I really enjoy TF2, and I think it's starting to make people I play games with hate it. See, I did not play FPS games before I played TF2--well, I did, but it was a dabbling that I begrudgingly accepted while I hung out with people hungry for those fights. I certainly didn't enjoy FPS games at the time, and I still for the most part don't now, although they're much, much better.

However, TF2 has become my gold standard, and every time I play a new FPS, I'm astounded at the seemingly obvious design decisions laid out in TF2 that make everything else look like total rubbish. Recently I realized that I have never been teabagged in TF2, for example, and I realized this is because of two factors (well, maybe more). For one, TF2 has taunts, which are cooler than teabagging for just... so many reasons. I might have to watch a bit of Monday Night Combat to see if teabagging happens there, because it's the only other FPS I can think of that has taunting.

The second, and this is speculation on my part, is that TF2 has dominations.

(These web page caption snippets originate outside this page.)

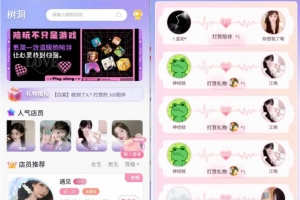 Q564–公众号约玩树洞系统/树洞交友app/树洞源码/神级约会系统/陪聊源码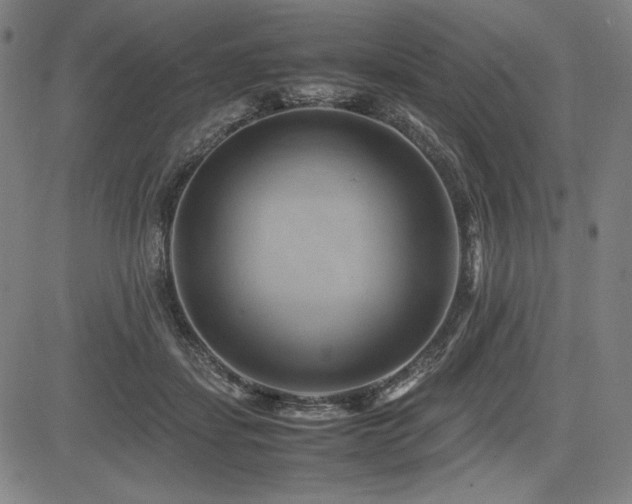X0000083620459200702121145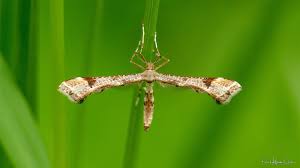 Attēlu rezultāti vaicājumam “Platyptilia gonodactyla”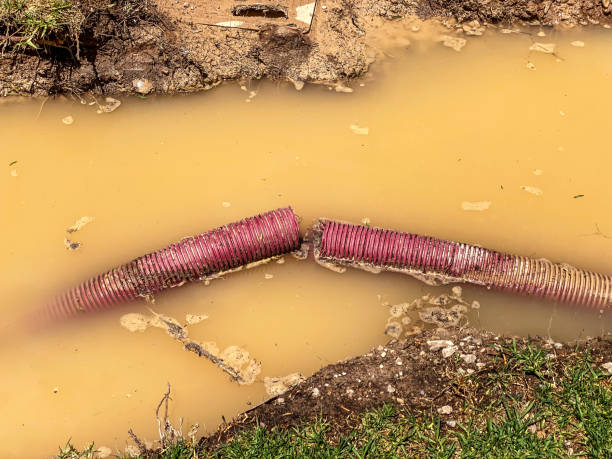 Water damage restoration mold remediation in Pine Lake Park, NJ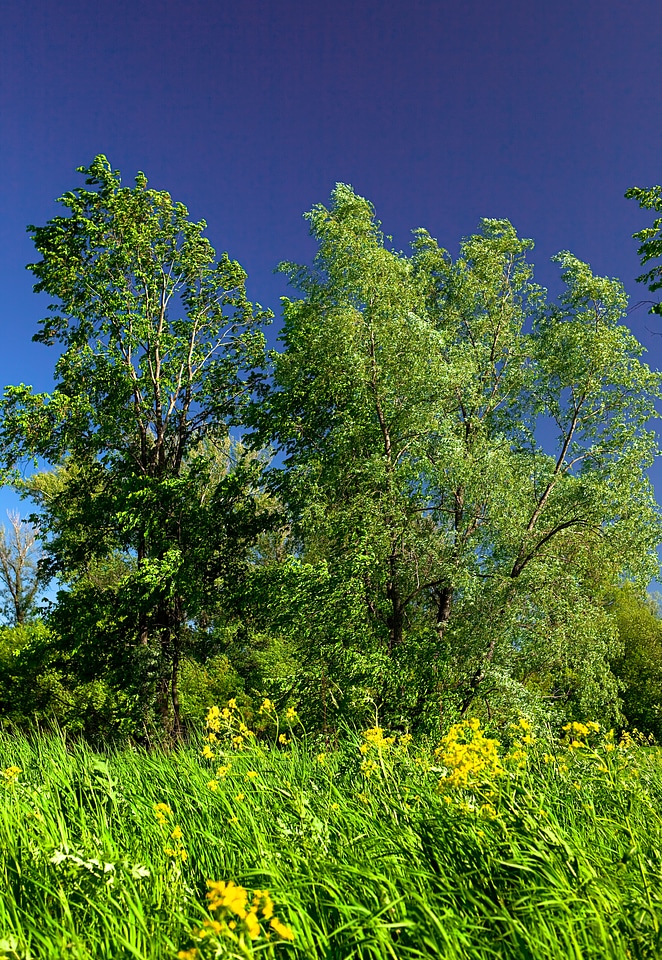 Nature scene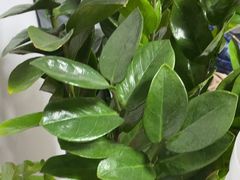 -静沐人生养生馆(佳宁娜分店)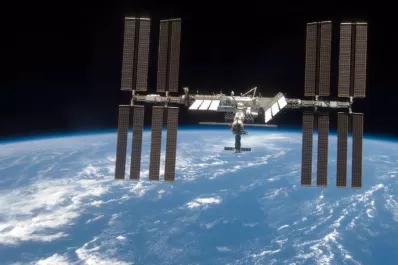 Tecnología para la salud: cultivaron células madre en el espacio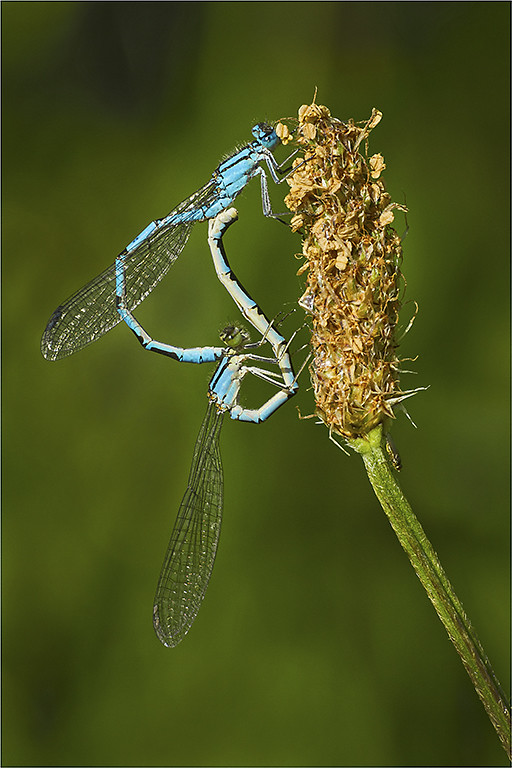 NAT. HIST. ~ INSECTS | Flickr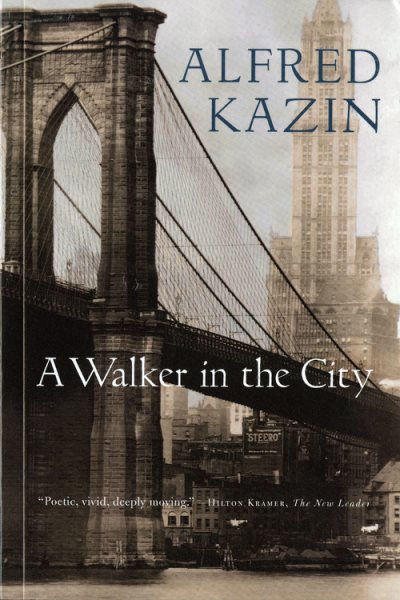 A Walker in the City cover
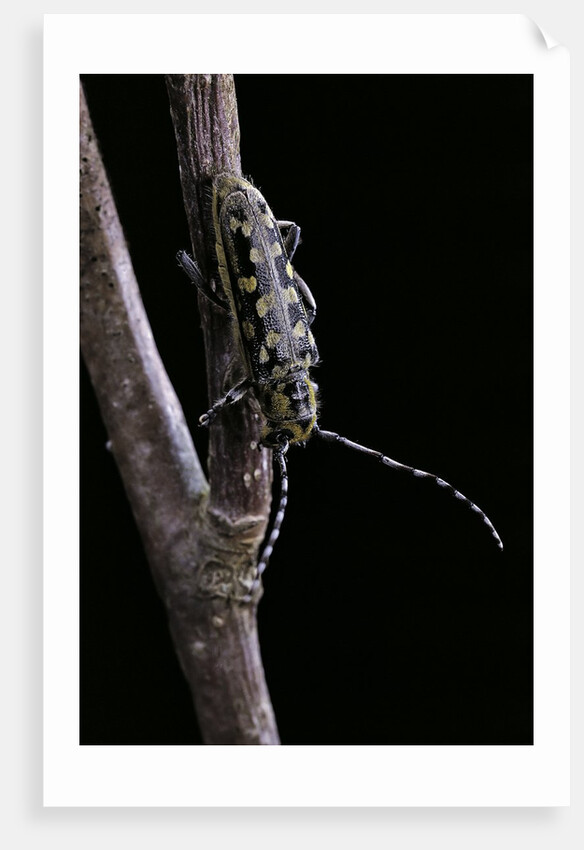 Saperda scalaris (flat-faced longhorn beetle) by Anonymous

The game tells your victims when you're better than them. It even hangs a flag over your head that is designed to say "come at me, bro". I understand why it might not work in other games, games with smaller teams where often of course you know who's killing you, he's the only other guy on the map, or at least he's the only one that speaks with that particular Cold War accent.

Now, the absence of teabagging is no small thing to me; but the community feels less like a sack of soggy douchebags for it. Don't get me wrong, the TF2 community has its scumbags, just like anyone else, but it is so nice that they don't do that one thing.

Okay, so this wasn't the greatest discussion of why TF2 has better design principles than most FPS games. But thank Gabe there's no teabagging. Or Robin. Actually, I don't know who to thank.